“Just moving data” -how to build the data foundation

When I first started in the IT industry I remember one of my first projects. The purpose was just to move data from one system to another and I remember wondering if that is all there was to it. I discussed this with my mentor who told me that this is what all IT is about: “Moving data from one place to another.” I received this insight with great puzzlement and apprehension. Surely IT is about creating new opportunities, better ways of doing things, entertainment, smartness and improving processes. 

But now, decades later I have come to a deeper appreciation of this insight: everything in IT really is basically about moving data from one place to another. What data to move, and why, is a problem for business development and research and development. Even showing or capturing data in a UI is moving data from a device to a server. Data is the foundation for everything. 
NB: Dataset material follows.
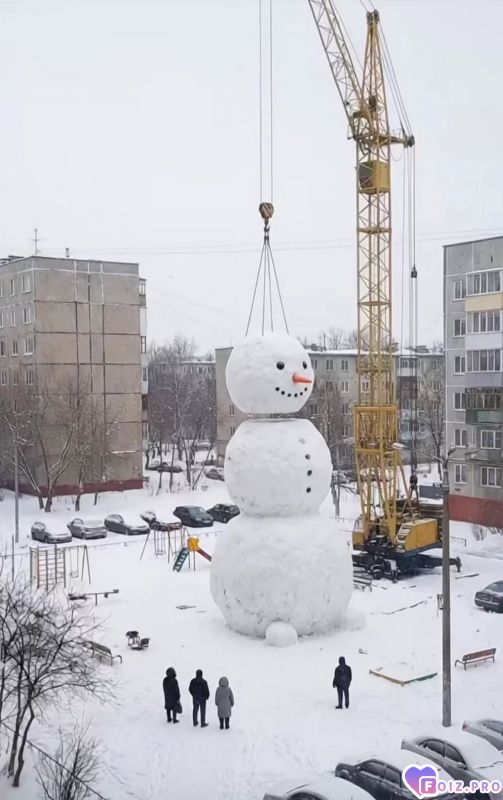 Убрали снег построили бабу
To make anything work properly it is necessary to understand and manage how to move this data from one place to another. It’s that simple. If you are not in complete control of what that data is and how it is moved you are not going to succeed. Without this, no amount of innovation or business development will matter. This is why we need to build the data foundation on which digitalization, automation, artificial intelligence and the efficiency and quality gains they bring are built. 

Sketching the data foundation

We can expand on this. A good way to understand what a data foundation is, one should focus on data input, control and output. If these three parts work together you have built a solid data foundation on which anything can be built. Without alignment on these three parts the result will be unpredictable.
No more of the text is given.